* Data *
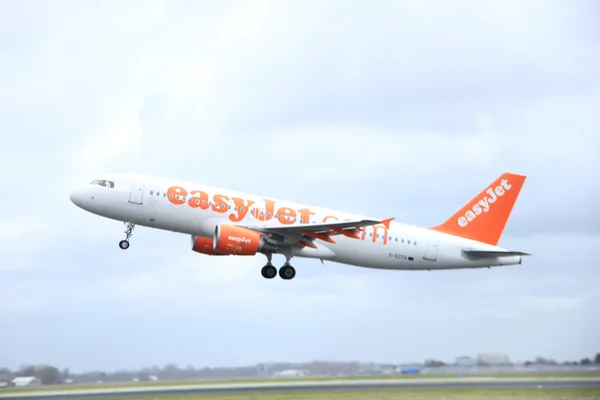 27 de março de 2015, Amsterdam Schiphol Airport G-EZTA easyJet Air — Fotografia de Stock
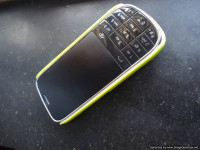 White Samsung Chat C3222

==

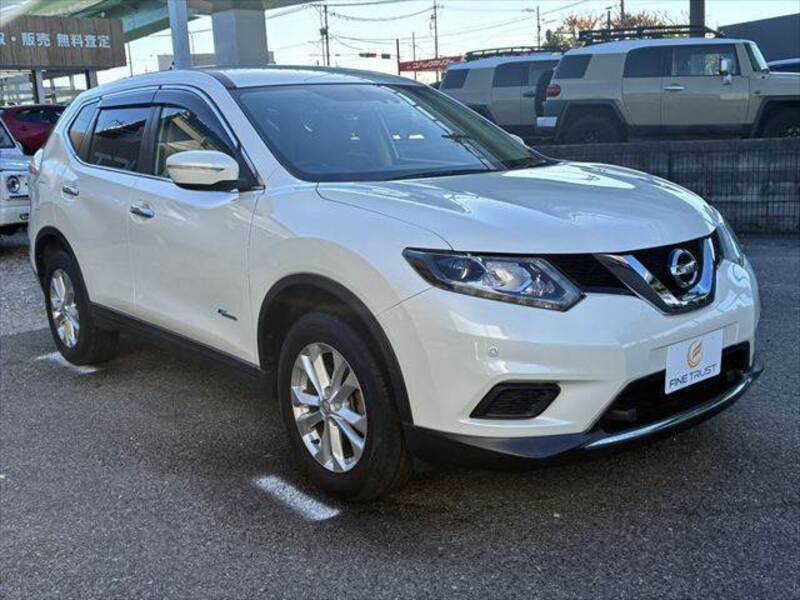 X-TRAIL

* What is needed *
Nothing but the lines from the one with "27 de março" to the one with "White Samsung Chat C3222" above, both included, should be transcribed, exactly and without pictures.

* Answer for this exercise *
 27 de março de 2015, Amsterdam Schiphol Airport G-EZTA easyJet Air — Fotografia de Stock
 White Samsung Chat C3222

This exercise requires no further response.